À la lumière de cet exemple, nous pouvons constater que les exemptions fiscales liées au gain en capital affaiblissent le système d’impôt progressif. Ce constat est d’autant plus frappant que l’imposition partielle du gain en capital bénéficie surtout aux 1 % des contribuables les plus riches, étant donné qu’ils déclarent 61 % de tous les gains en capital imposables. Cette concentration est d’autant plus élevée qu’à peine les 0,1 % les plus riches, soit 40 000 personnes, déclarent un gain en capital au-dessus de 250 000 $.
L’impact des baisses d’impôt
Les gouvernements qui se sont succédé depuis 2000 ont abaissé plusieurs fois l’imposition du gain en capital et des entreprises, sous prétexte qu’elle nuisait à l’investissement. La portion imposable du gain en capital est ainsi passée de 75 % à 66,7 % en 2000, puis à 50 % en 2004, tandis que le taux d’imposition des entreprises a été diminué de 27 % à 15 % entre 2000 et 2008.
Or, ces baisses d’impôt n’ont pas eu l’effet escompté, comme le montrent les baisses successives du taux d’investissement en machines et équipements dans le PIB, lequel est passé de 4,5 % à 4,1 % de 2005 à 2010, puis à 3,8 % en 2015, et à 2,6 % en 2023. Ces baisses ont plutôt gonflé les profits nets des entreprises, lesquelles disposent d’une réserve de liquidités de 710 milliards de dollars, soit l’équivalent de la dette nette fédérale.
Que faire ?
L’augmentation de la portion imposable du gain en capital de plus 250 000 $ de 50 % à 66,7 % est un pas dans la bonne direction, mais ce n’est pas suffisant compte tenu des déficits publics et des défis énormes qui nous attendent (crise climatique, inégalités, logement, santé, etc.).
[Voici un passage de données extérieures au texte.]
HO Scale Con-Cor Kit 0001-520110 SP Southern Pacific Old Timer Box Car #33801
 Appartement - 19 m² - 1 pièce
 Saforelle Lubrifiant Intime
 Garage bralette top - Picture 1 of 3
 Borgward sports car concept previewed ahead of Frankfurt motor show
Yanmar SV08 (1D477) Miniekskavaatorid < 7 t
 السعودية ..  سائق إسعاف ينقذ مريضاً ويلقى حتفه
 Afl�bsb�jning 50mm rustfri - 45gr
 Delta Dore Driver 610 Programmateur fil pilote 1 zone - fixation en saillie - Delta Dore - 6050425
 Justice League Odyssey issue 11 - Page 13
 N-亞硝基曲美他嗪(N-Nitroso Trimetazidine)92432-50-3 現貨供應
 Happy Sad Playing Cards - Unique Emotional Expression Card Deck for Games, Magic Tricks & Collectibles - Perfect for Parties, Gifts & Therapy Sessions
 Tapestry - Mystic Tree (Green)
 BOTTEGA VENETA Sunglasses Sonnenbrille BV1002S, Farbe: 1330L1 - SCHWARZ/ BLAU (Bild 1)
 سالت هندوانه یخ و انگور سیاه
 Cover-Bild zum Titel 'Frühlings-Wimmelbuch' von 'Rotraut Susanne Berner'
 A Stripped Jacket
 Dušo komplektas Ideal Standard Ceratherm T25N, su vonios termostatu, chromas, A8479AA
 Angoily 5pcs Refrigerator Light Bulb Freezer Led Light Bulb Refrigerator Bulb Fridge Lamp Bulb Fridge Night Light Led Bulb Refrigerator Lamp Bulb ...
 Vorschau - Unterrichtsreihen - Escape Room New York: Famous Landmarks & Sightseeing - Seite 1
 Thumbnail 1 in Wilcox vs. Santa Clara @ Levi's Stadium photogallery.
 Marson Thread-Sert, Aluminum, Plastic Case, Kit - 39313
Si on ramenait la portion imposable du gain en capital à 75 %, le fédéral récolterait 25 milliards de dollars de plus cette année. Et en ramenant le taux d’imposition des entreprises à un niveau proche de 2007, soit 21 %, la récolte pourrait combler le déficit fédéral actuel.
Notons enfin qu’il existe ailleurs dans le monde des formules d’imposition où le gain réalisé à moyen et à long terme est imposé à des taux plus faibles qu’un gain à court terme, et qu’à certains endroits les gains sont imposés à des taux progressifs.